A lone worker is an employee who performs an activity that is carried out in isolation from other workers without close or direct supervision. Such staff may be exposed to risk because there is no-one to assist them and so a risk assessment may be required. Lone working is not illegal, but it must be risk assessed properly and employees must not be asked to carry out lone working if it is unsafe to do so. A lone worker should never be put at greater risk than any other employee.

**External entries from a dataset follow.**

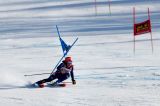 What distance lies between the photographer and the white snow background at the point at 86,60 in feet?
35.3

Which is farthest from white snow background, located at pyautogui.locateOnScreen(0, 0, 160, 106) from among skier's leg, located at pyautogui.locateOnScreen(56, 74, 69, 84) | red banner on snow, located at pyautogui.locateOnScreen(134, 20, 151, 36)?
red banner on snow, located at pyautogui.locateOnScreen(134, 20, 151, 36)

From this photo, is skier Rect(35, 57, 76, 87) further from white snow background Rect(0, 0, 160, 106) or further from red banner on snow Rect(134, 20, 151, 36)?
red banner on snow Rect(134, 20, 151, 36)

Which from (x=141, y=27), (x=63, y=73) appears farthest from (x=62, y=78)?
(x=141, y=27)

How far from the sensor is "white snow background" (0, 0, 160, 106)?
1077 centimetres

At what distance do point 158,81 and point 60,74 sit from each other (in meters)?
2.07

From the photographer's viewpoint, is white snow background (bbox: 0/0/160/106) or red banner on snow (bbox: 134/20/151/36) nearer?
white snow background (bbox: 0/0/160/106)

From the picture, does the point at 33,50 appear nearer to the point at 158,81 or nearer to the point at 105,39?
the point at 105,39

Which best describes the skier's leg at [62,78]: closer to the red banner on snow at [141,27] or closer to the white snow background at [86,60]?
the white snow background at [86,60]

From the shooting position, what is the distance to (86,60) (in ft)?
53.9

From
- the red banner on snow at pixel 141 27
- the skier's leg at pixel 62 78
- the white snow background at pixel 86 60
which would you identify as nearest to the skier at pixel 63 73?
the skier's leg at pixel 62 78

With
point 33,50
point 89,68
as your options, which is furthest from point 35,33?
point 89,68

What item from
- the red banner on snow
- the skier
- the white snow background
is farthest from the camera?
the red banner on snow

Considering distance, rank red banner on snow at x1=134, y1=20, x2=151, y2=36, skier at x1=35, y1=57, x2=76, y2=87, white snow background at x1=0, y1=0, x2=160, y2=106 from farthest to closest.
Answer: red banner on snow at x1=134, y1=20, x2=151, y2=36
skier at x1=35, y1=57, x2=76, y2=87
white snow background at x1=0, y1=0, x2=160, y2=106

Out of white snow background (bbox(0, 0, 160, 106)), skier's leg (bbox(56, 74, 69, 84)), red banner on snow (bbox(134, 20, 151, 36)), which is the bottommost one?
white snow background (bbox(0, 0, 160, 106)) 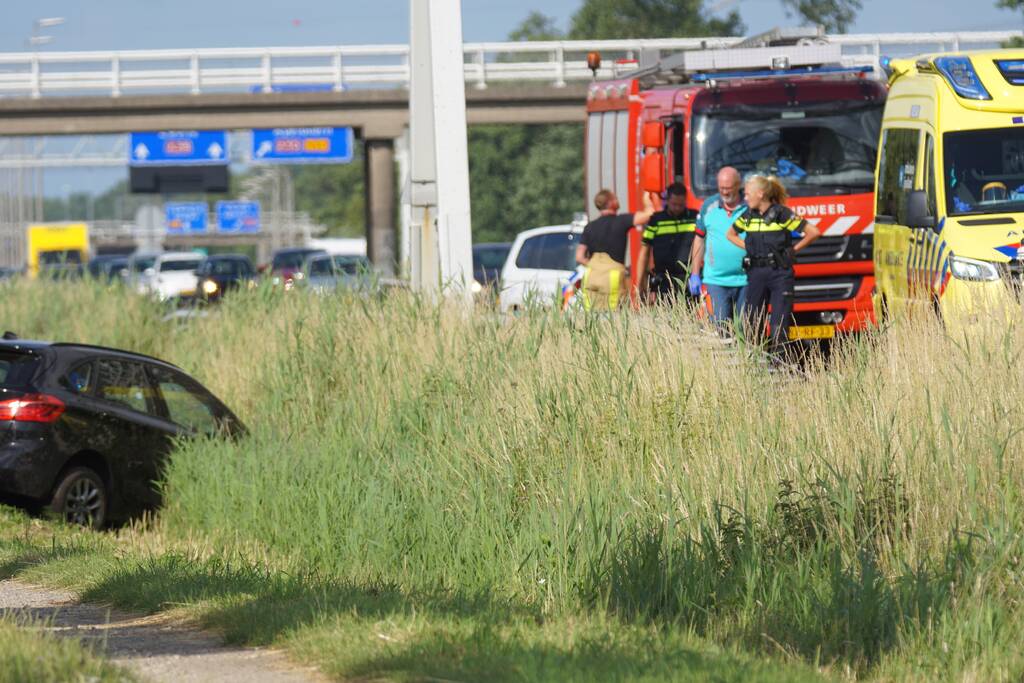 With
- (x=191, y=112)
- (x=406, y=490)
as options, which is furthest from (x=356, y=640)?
(x=191, y=112)

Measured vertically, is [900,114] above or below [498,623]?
above

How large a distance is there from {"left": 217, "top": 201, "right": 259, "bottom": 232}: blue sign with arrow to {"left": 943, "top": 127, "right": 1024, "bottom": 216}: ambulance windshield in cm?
10657

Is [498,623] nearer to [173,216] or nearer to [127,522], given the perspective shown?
[127,522]

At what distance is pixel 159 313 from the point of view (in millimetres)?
21797

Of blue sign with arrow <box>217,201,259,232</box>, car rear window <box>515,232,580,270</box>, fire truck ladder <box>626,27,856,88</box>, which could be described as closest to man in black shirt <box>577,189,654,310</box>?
fire truck ladder <box>626,27,856,88</box>

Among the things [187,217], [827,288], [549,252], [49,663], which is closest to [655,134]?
[827,288]

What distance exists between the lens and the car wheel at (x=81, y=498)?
489 inches

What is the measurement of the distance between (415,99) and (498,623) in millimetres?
10931

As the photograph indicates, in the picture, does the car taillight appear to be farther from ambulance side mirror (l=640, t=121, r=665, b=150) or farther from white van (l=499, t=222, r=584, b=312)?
white van (l=499, t=222, r=584, b=312)

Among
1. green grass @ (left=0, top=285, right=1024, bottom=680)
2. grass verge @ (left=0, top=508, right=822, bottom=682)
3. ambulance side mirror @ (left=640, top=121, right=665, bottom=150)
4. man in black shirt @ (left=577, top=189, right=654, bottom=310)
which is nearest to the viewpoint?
grass verge @ (left=0, top=508, right=822, bottom=682)

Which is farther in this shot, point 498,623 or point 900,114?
point 900,114

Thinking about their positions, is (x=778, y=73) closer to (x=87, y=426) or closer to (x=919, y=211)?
(x=919, y=211)

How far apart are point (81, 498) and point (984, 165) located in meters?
7.23

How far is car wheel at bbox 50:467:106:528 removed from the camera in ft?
40.8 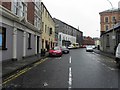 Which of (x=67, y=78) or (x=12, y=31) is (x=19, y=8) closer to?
(x=12, y=31)

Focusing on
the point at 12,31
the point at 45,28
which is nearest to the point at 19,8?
the point at 12,31

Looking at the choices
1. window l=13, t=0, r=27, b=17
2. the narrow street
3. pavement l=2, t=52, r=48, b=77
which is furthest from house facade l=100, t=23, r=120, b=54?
the narrow street

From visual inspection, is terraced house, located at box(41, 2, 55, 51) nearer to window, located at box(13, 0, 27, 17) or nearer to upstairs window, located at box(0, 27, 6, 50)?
window, located at box(13, 0, 27, 17)

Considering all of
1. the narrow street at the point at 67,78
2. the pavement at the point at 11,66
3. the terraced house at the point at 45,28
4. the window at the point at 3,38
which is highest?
the terraced house at the point at 45,28

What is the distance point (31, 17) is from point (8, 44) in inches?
429

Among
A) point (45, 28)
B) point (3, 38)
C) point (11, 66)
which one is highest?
point (45, 28)

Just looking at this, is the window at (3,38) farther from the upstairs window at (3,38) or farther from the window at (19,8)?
the window at (19,8)

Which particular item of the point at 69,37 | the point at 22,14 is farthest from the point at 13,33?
Answer: the point at 69,37

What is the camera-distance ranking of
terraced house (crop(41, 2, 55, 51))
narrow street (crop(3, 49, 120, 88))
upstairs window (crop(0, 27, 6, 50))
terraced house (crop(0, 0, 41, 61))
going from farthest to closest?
terraced house (crop(41, 2, 55, 51)) → terraced house (crop(0, 0, 41, 61)) → upstairs window (crop(0, 27, 6, 50)) → narrow street (crop(3, 49, 120, 88))

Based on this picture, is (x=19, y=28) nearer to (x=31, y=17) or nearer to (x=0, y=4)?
(x=0, y=4)

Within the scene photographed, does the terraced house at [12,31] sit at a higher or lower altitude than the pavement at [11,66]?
higher

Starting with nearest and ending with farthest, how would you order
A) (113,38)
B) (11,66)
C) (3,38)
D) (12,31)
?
(11,66) → (3,38) → (12,31) → (113,38)

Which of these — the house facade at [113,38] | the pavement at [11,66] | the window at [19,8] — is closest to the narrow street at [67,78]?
the pavement at [11,66]

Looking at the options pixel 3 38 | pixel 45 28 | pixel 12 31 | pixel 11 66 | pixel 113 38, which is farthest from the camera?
pixel 45 28
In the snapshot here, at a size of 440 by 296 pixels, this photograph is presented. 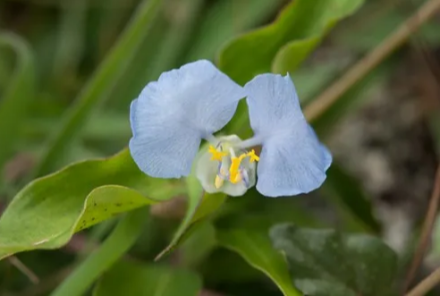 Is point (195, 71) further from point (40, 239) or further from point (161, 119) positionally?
point (40, 239)

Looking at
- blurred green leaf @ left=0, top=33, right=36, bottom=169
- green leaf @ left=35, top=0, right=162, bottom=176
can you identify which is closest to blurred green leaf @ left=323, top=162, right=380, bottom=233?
green leaf @ left=35, top=0, right=162, bottom=176

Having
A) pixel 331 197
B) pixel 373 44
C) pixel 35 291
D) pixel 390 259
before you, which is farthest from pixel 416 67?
pixel 35 291

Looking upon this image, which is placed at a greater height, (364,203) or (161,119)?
(161,119)

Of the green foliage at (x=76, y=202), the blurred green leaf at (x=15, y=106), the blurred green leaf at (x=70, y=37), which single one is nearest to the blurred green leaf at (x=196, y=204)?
the green foliage at (x=76, y=202)

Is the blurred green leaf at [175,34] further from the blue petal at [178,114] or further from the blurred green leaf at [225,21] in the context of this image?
the blue petal at [178,114]

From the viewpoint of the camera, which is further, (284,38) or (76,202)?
(284,38)

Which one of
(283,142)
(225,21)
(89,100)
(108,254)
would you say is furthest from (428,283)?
(225,21)

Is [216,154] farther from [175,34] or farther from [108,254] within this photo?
[175,34] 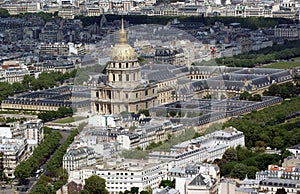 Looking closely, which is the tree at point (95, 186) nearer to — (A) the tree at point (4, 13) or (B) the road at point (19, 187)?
(B) the road at point (19, 187)

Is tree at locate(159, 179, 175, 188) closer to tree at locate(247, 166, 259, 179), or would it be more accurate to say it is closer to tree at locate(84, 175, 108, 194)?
tree at locate(84, 175, 108, 194)

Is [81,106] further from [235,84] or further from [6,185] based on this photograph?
[6,185]

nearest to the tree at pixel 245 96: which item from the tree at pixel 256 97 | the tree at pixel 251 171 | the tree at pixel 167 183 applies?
the tree at pixel 256 97

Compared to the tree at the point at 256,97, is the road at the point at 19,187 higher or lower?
lower

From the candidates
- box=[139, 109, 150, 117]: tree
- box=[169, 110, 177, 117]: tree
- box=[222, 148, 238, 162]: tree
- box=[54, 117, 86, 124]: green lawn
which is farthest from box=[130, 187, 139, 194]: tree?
box=[54, 117, 86, 124]: green lawn

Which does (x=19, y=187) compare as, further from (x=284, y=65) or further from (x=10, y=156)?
(x=284, y=65)

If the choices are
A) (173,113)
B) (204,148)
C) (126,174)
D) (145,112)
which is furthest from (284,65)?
(126,174) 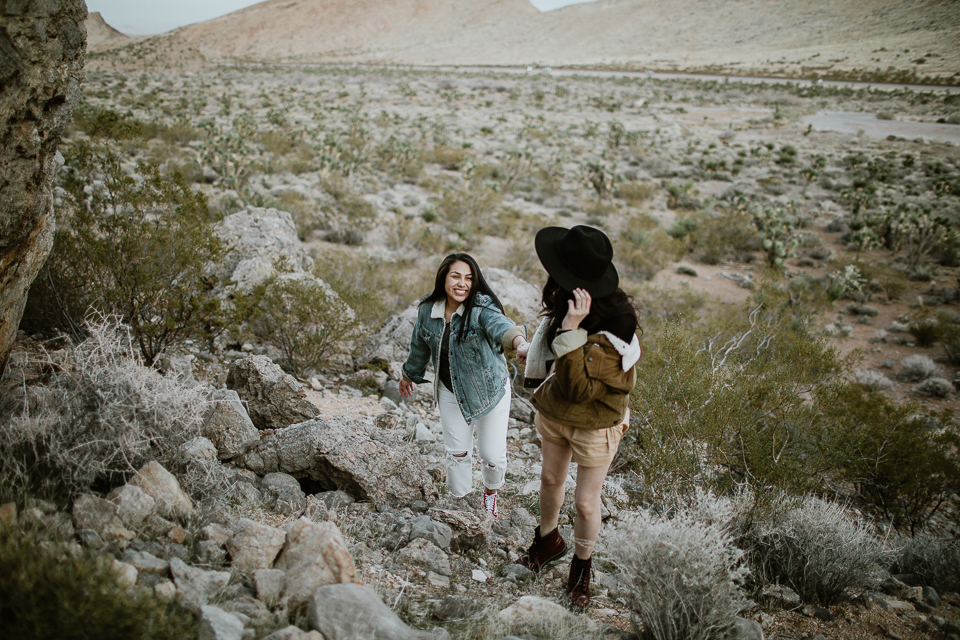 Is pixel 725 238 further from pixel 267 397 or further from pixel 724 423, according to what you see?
pixel 267 397

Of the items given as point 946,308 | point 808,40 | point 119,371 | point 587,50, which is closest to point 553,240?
point 119,371

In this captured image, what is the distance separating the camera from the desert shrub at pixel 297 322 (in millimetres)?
5539

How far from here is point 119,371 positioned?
262 cm

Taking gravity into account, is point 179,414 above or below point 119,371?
below

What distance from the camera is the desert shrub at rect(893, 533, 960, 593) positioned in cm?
329

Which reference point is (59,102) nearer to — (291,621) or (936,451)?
(291,621)

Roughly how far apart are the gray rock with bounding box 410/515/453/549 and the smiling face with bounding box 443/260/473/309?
4.49 feet

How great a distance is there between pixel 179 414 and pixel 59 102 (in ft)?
5.38

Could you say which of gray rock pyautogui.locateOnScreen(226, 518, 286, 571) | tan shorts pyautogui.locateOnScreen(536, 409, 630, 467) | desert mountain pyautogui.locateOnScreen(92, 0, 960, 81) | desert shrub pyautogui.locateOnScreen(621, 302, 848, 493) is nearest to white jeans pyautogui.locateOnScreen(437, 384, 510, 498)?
tan shorts pyautogui.locateOnScreen(536, 409, 630, 467)

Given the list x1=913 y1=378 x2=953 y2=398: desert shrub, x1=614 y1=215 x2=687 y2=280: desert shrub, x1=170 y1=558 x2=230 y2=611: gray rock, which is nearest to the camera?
x1=170 y1=558 x2=230 y2=611: gray rock

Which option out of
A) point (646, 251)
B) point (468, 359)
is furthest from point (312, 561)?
point (646, 251)

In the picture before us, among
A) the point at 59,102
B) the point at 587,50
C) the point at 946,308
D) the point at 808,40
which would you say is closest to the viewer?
Answer: the point at 59,102

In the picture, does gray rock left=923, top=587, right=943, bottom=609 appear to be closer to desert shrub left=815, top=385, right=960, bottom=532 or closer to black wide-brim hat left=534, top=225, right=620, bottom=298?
desert shrub left=815, top=385, right=960, bottom=532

The risk assessment must be put in place before the employee is expected to carry out the work in that situation.
My employees go out and visit clients by themselves so they are not lone working are they?
They may not be alone in the sense that they have no contact with other people, but they are isolated from other members of their employer’s organisation. In some ways this may expose them to more risk than those employees who work completely on their own. A high profile, but tragic example is the Suzy Lamplugh case 30 years ago. Suzy worked as an estate agent and disappeared whilst showing a client around a property. This case demonstrates how vulnerable employees who work remotely from their employer’s premises are.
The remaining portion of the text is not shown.